With Sugar Skull and this story as a whole, I was not sure how things would turn out and ultimately did not know what I wanted to happen. I tried to avoid anyone talking about it because the other books left me actually looking forward to this, and I was glad I did because spoiler reviews seem to shortchange the experience. Throughout this series, Burns does a nice job making me feel sorry for someone I normally would not, transforming what was ultimately a Hipster's lifestyle into something interesting. He does it with little things like the photographs and his musical additions, through the more outlandish "dream" sequences, through snippets of a relationship, and by adding specific moods. I always liked that about Burns; he can take something minimal and make you examine it until you feel.
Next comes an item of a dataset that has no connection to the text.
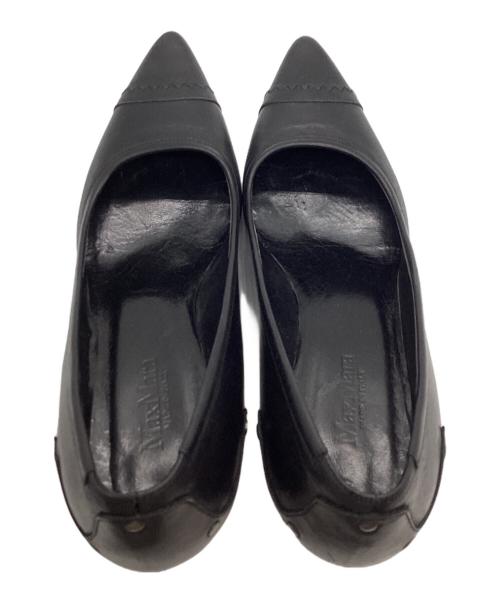 MaxMara（マックスマーラ）MaxMara (マックスマーラ) ストレートチップ レザー ヒールパンプス ブラック サイズ:37の古着・服飾アイテム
I also liked that he took the main character and made things about him questionable - for the longest time I wanted to see him as a victim but life is much more complex than that. That is vague, too, I know, I just do not want to ruin anything.

If you have not read the first two books, do NOT read these out-of-order. They are smaller books you will complete quickly enough, books I was honestly surprised to see in hardback form, and ones I have returned to more than a few times. Even if you have them, reread the series before Sugar Skulls.